Annuity rates are based on the 15-year gilt yields and are an important indicator of the likely direction for annuities. As a general rule a 20 basis point change (or 0.20% change in the actual yield) results in a 2.0% change in annuities.

Last month the the 15-year gilt yields last month changed from 1.79% to 1.50% or 29 basis points.

Find out more details:
monthly analysis of annuities and gilt yields


Fig 2 below shows the daily 15-year gilt yield starting the month at 1.50% and the change from the previous day's close:


15-Year Gilt Yields - March 2017
Day Rate (%) Change (bp*)
1 1.54 +4
2 1.56 +2
3 1.55 -1
6 1.57 +2
7 1.55 -2
8 1.57 +1
9 1.58 +1
10 1.59 +1
13 1.61 +2
14 1.59 -2
15 1.58 -1
16 1.60 +2
17 1.60 0
20 1.59 -1
21 1.61 +2
22 1.53 -8
23 1.59 +6
24 1.55 -4
27 15.2 -3
28 1.54 +2
29 1.51 -3
30    
31    
  Table 1: Daily 15-year gilt yields and changes
* bp - basis points

Table 1 above shows the 15-year gilt yields started the month at 1.79%. For the latest updates on how this affects annuities see Annuity Rates Review.

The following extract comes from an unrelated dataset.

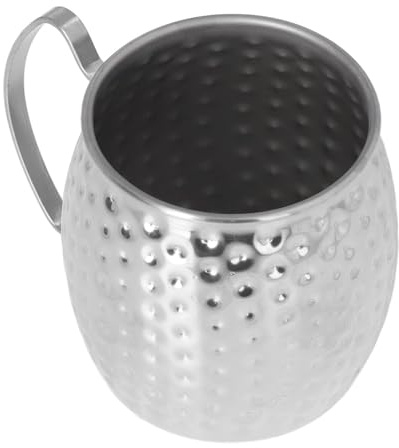 Moscow Mule Mug, Exquisite 304 Cocktail Trinkgeschirr Mule Mugs Edelstahl 500ml Großes Fassungsvermögen für die Zubereitung Kühler Getränke (Silber)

Economic events influencing gilt yields

The election of Donald Trump to US President in November has seen investors sell bonds and gilts increasing yields. The expectation is for higher infrastructure spending increasing inflation and the Federal Reserve raising interest rates.

In October 2016 a combination of factors is driving yields up to close at 1.61%, the highest level since the EU Referendum. Investors anticipate the Federal Reserve are likely to increase interest rates before the end of the year. The Bank of Japan and Europe Central Bank are reaching the limit of buying long-term government bonds and this is helping a selloff in bonds. OPEC are close to agreeing a deal to cut the supply of crude-oil which may see the price rise from the current level of $50 a barrel and this could push up inflation.

The 15-year gilt yields reached another all time low of 0.90% on 11 August 2016.

The Brexit vote has resulted in the 15-year gilt yields reducing by 52 basis points reaching an all time low of 1.41% on 30 June 2016. The governor of the Bank of England announced measures for a further £250 billion of Quantitative Easing (QE) should this be required and possible reduction in interest rates from the current all time low level of 0.5% since 2009.

Uncertainty over the 2016 EU Referendum and the possibility of a Brexit vote has seen investors seek the safe havens of bonds and gilts sending the prices higher and yields lower.

In April 2016 European Central Bank (ECB) President Mario Draghi has hinted on reducing deposit interest rates sparking a sell off of global bonds and a 14 basis point rise in the 15-year gilt yields.


Volatility in February due to fear of a global slowdown sends yields to a low of 1.68% before recovering back to 1.92%. In January 2016 the 15-year gilt yields reduced 36 basis points as investors seek safe havens following fears of over a slowdown in China and lower oil prices sending equity markets lower.

The Federal Reserve in October 2015 hinted on increasing interest rates in December sending yields 13 basis points higher to end the month at 2.23%.

Uncertainty with a Chinese economic slowdown and Federal Reserve unclear decision over interest rates in September sends yields to a lower level of 2.12%.

Yields have increased from the recent level of 1.97% to as high as 2.35% following investors dumping US Treasury notes, German Bunds and UK government gilts at the beginning of June 2015. This follows improved economic data from Europe and the Federal Reserve delaying an increase in interest rates until later in the year.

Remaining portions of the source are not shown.